I mean as far as the cost, and I guess you’re referring to the overall cost figure that I gave for the portfolio, in the Bakken and our costs are very competitive. We benchmarked our drilling time and our drilling costs there. So our costs are very competitive, but when you’re in the Bakken and we’re in a growth mode and as Greg said, as we’re ramping up the 10 rigs. The amount of drilling activity it’s there, it’s fairly intensive at this point. The overall cash cost in the Bakken are higher than our average of our portfolio. So at this point in time, actually the Bakken is one of the reasons that our overall cash cost in the portfolio are going up. Now as Greg said, the returns are very good. We like the returns in the Bakken; and obviously we like being in the U.S. in the shale play and the lower risk, but if you’re looking at the one line from the cash cost standpoint, the Bakken does have an average production cost higher than our portfolio. Doug Leggate - Merrill Lynch: I guess the cash operating cost, something around $6, does that sound about right in the Bakken?
We actually don’t get into individual aspects of it, but again, as I’ve saying, Doug, the cash costs in the Bakken are above the average of our portfolio. Doug Leggate - Merrill Lynch: I guess I’m thinking more about a run rate versus your competitors as you go forward. The follow-up I had, it maybe isn’t for John Rielly, but I’ll see which one of you guys wants to take this, but reserve replacement, if you’ve got I guess a five-year program, $1 billion a year, again related to the Bakken. What are we talking about in terms of reserve ads? How we are likely to see that, given project has been sanctioned? How are we likely to see those be booked as we move forward?
Yes, Doug, I think you know we don’t project that far into the future, but of course, the reserve ads will be an annual reserve ads as we kind of drill out the acreage. Just to give you some perspective, in our reserve adds of $157 million this year, the Bakken was about $30 million, $31 million barrels associated with a three rig program. So likely to get gives you some context. Doug Leggate - Merrill Lynch: Okay, Greg, just to clarify on this. You’ve talked about drill laterals, a million barrels per drill lateral. Is that still a good number?
Yes, I think at this point that’s still a pretty good number. To be fair, we only have four dual laterals in the ground now. So I think it’s a little early to give definitive numbers about that, but I think at this point in the play, that’s probably a decent number.
Your next question comes from Paul Cheng - Barclays Capital. Paul Cheng - Barclays Capital: Maybe several quick questions for Rielly. You’re talking about the fourth quarter, that you have an over-lift. As of year end from an inventory standpoint, are we still over-lift, or under-lift, or neutral?

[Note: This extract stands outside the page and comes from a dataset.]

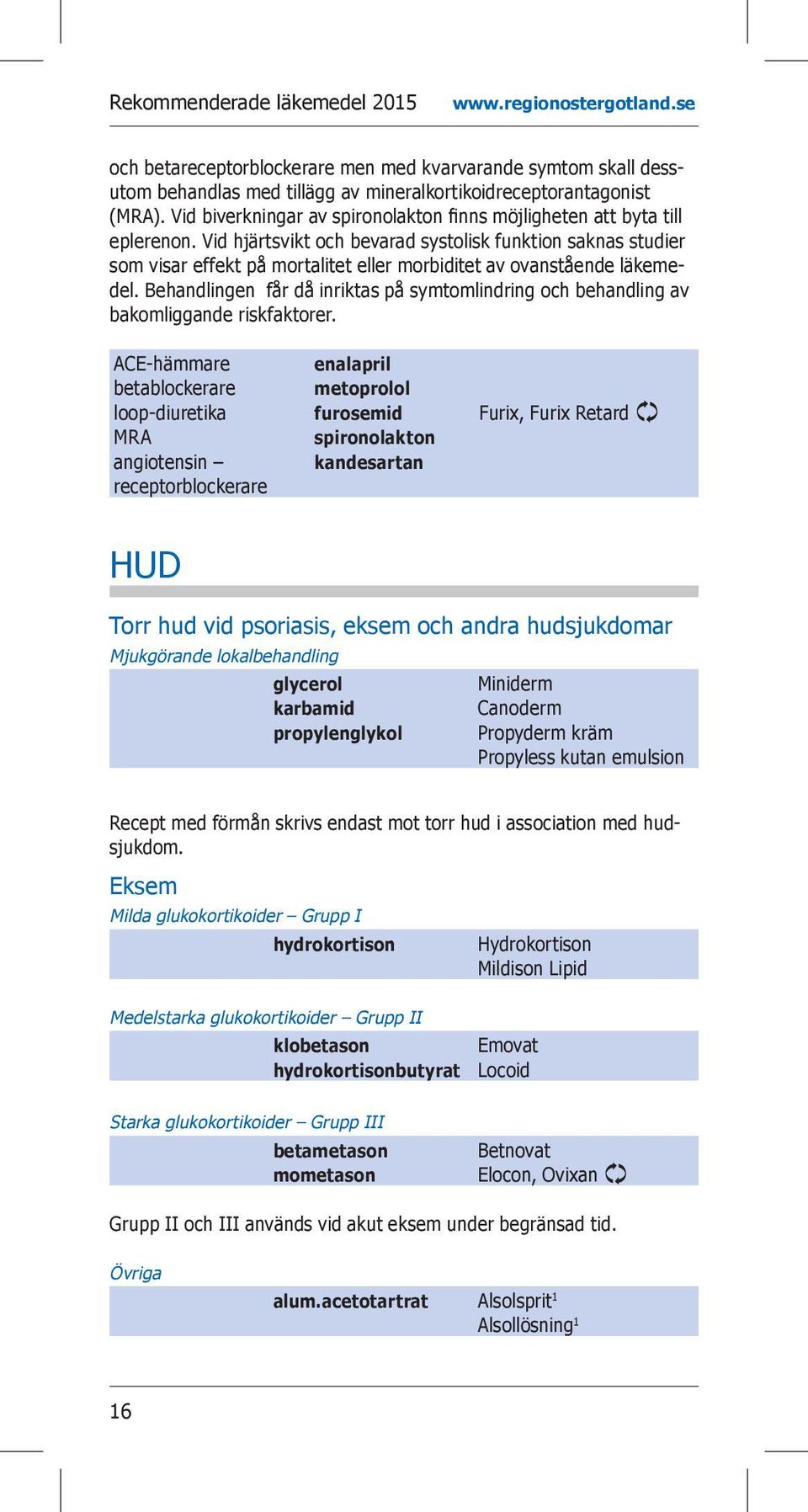 Vid hjärtsvikt och bevarad systolisk funktion saknas studier som visar effekt på mortalitet eller morbiditet av ovanstående läkemedel.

Right now, Paul, we are over-lifted, if you want to say from the standpoint. So we can see that potentially as we look at the first quarter, that we can see an under-lift coming. Now, while it all turn around in the first quarter? No. Overall, though, we are in a slight over-lift position as we look at inventory. Paul Cheng - Barclays Capital: Can you tell us that by how much?
Paul, it’s just so different, because it all really compares on the amount of the liftings that come in and the timings of those liftings. So it’s not an extensive amount, but you could easily see a million barrels flipping on us. Paul Cheng - Barclays Capital: Then for Greg, for sometimes that you guys really have not spent any time talking about West Med in Egypt. Does that means that the play is not a priority and that the resource potential is really nothing excited for you guys to talk about yet? Or what’s the reason why we haven’t heard much about it?
I mean the simple answer is we’ve got some well results; we’re reprocessing seismic data and figuring out what our next steps are, so again, we prioritize all our investments in our global portfolio, and that’s just where it’s fallen in the seriatim of ranking. Paul Cheng - Barclays Capital: So is it just really that as of this point, at least based on what you know when you rank it, this is a way behind Bakken, way behind Brazil, Ghana, and everything, right?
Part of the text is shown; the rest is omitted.